What kind of lifeline is right for your boat?
Vinyl-coated 7x7 stainless wire: low stretch, semi-flexible, and attractive. For years, 3/16" diameter white vinyl coated wire (5/16" OD) has been the norm. It has a traditional look and a smooth feel when you lean against or grab it. Although vinyl coated wire has been the standard for many years, vinyl coating can discolor, particularly in high UV areas, and because of the coating the wire underneath is difficult to inspect.
Detail of the lifeline from the photo above. Don’t even think of leaning against this dangerously rusted wire!
Uncoated 1 x 19 wire: 3/16" diameter uncoated wire is becoming more popular and is now required on offshore racing boats. Although a little harder on the hands and body when you lean against it due to its smaller overall diameter and rougher surface, it is easier to inspect for corrosion.

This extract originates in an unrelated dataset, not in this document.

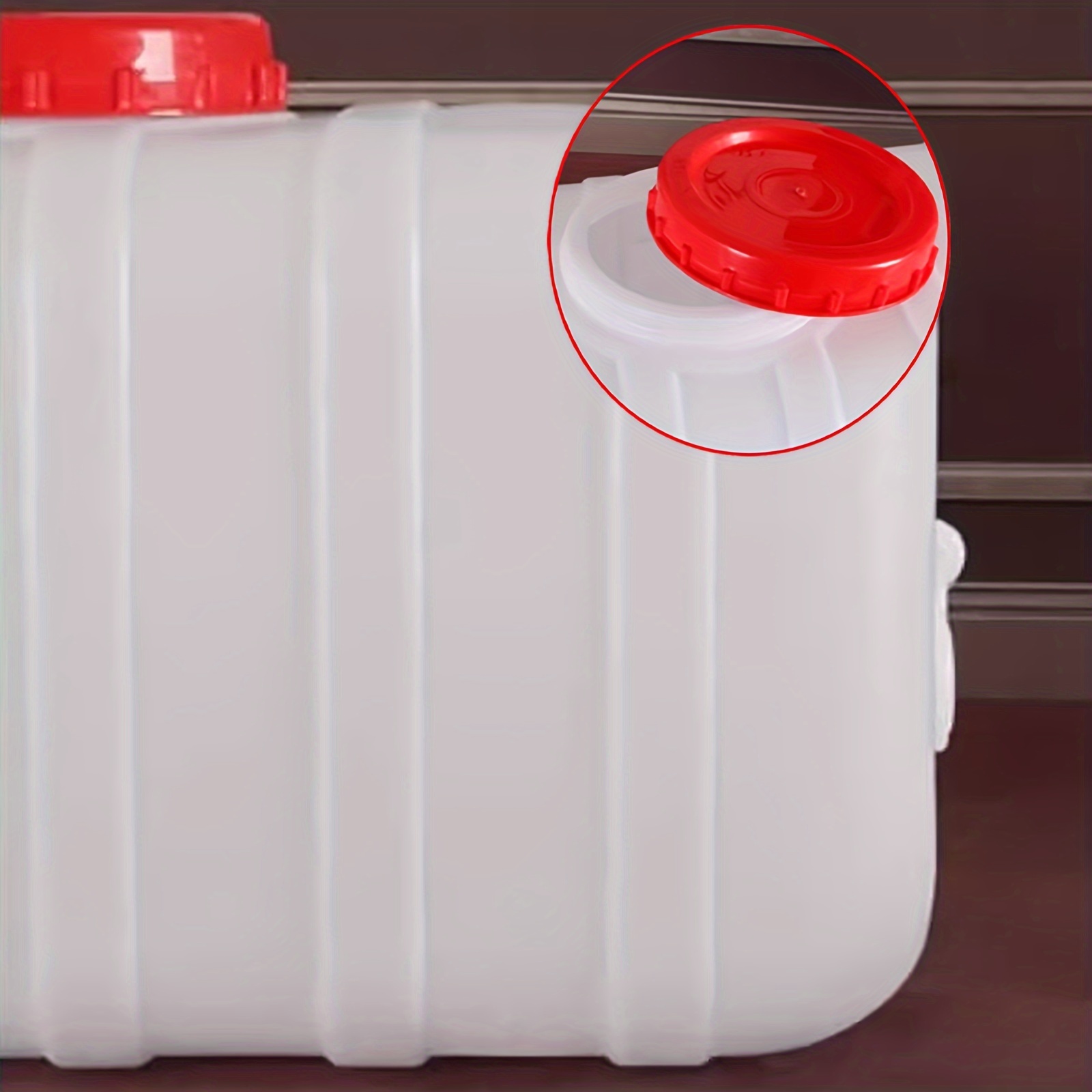 Large Household Capacity Water Tank, Drop-Resistant Portable Horizontal Plastic Water Storage Container With Faucet For Household Water Camping Outdoor Self-Driving Tour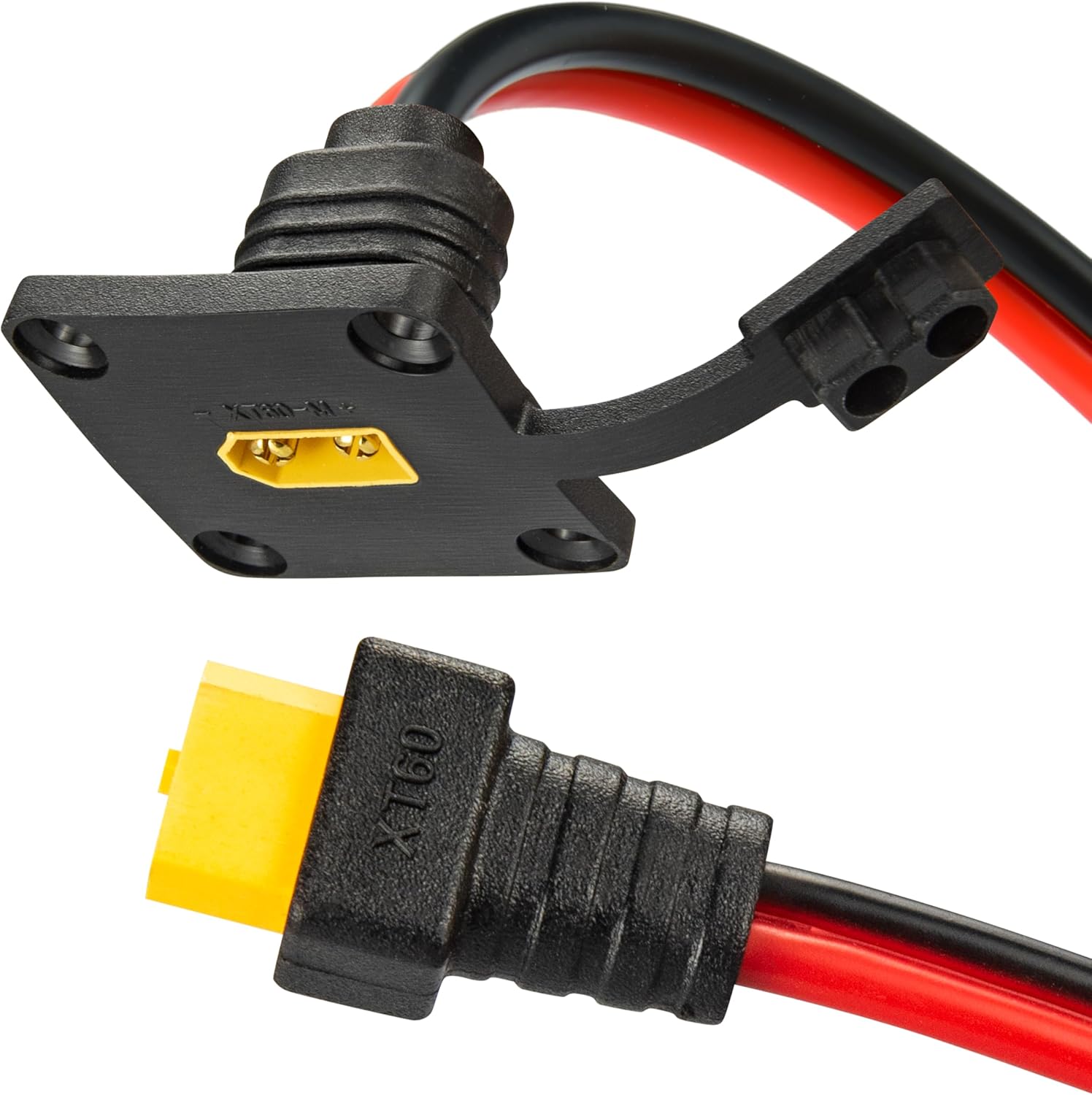 Drone Bike Rc - JMUYTOP 12AWG XT60 パネルマウントケーブル 太陽光発電システム用高電流コネクタ FPV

High-tech rope lifelines made from Dyneema line such as Samson Amsteel are a third option. Although it’s lightweight, UV-resistant and extremely strong (7400lb. tensile strength vs. 3700lb. for 3/16" vinyl coated wire), Dyneema is not as protected against chafe as stainless steel wire, but is very easy on the hands and body.

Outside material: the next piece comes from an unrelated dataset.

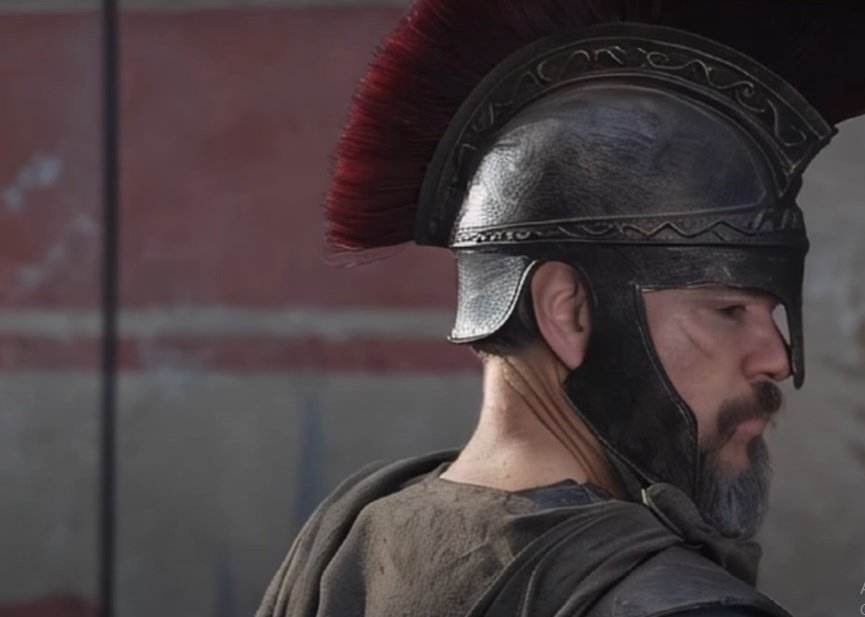 Matt Damon in costume as Odysseus in The Odyssey (2026)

There are two ways to crimp a lifeline fitting onto a lifeline wire, swaging, using a large swage tool from a rigger or mast builder, or hand crimping using a stop sleeve tool. Hand-crimp terminals are easier for the boat owner; they can be applied with an appropriate tool (a.k.a. "Nicopress") while on the boat.
Hand-crimped terminals can be owner-installed, saving the cost of hiring a professional rigger. The barrels on the hand-crimped terminals do end up looking a little lumpy, but they are strong and dependable when crimped with the right tool.

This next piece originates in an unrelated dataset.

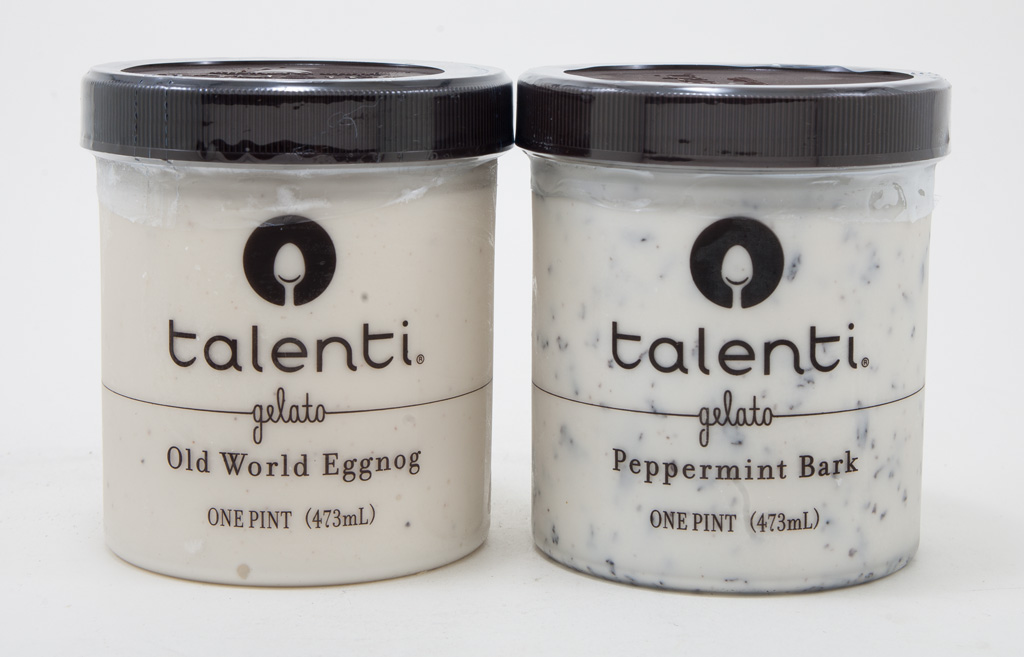 Talenti’s Peppermint Bark and Old World Eggnog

If you are a do-it-yourself type person who can splice line, you can easily make up new lifelines using Dyneema line and CS Johnson Spliceline fittings. West Marine carries a full line of Johnson Marine Spliceline fittings for rope, hand crimp fittings for making your own wire lifelines, the proper tool for crimping the hand crimp fittings as well as both coated and uncoated wire and Dyneema line.
Splice Lines fittings allow you to make Dyneema lifelines with stainless hardware.
What size wire should you use?
Larger wire is safer, but it is also heavier. Lifeline wire has traditionally been available in 1/8" and 3/16" wire diameters (actual wire core measurement; the vinyl coating increases the diameter to 7/32" and 5/16" respectively). While larger wire is nicer to hang on to, and it is stronger (3700 lbs. vs. 1760 lbs.), it is also heavy and oversized for small sailboats. For this reason, many boats use the smaller size.
Sizing lifeline wire
Racing sailboats should follow ORC/ISAF Regulations 3.14.6, which are summarized as follows: Up to 28' LOA—1/8" wire; 28-43' LOA—5/32" wire; 43' LOA and up—3/16" wire.
These sizes are minimums; you can use larger sizes. 5/32" wire is not common in the US, but West Marine Rigging offers it on a custom basis since each terminal has to be built from separate component parts. Ask for a quote if you are interested in 5/32" wire lifelines. Cruisers are not affected by racing rules so they may elect to go with 3/16" on the upper and 1/8" on the lower lifelines.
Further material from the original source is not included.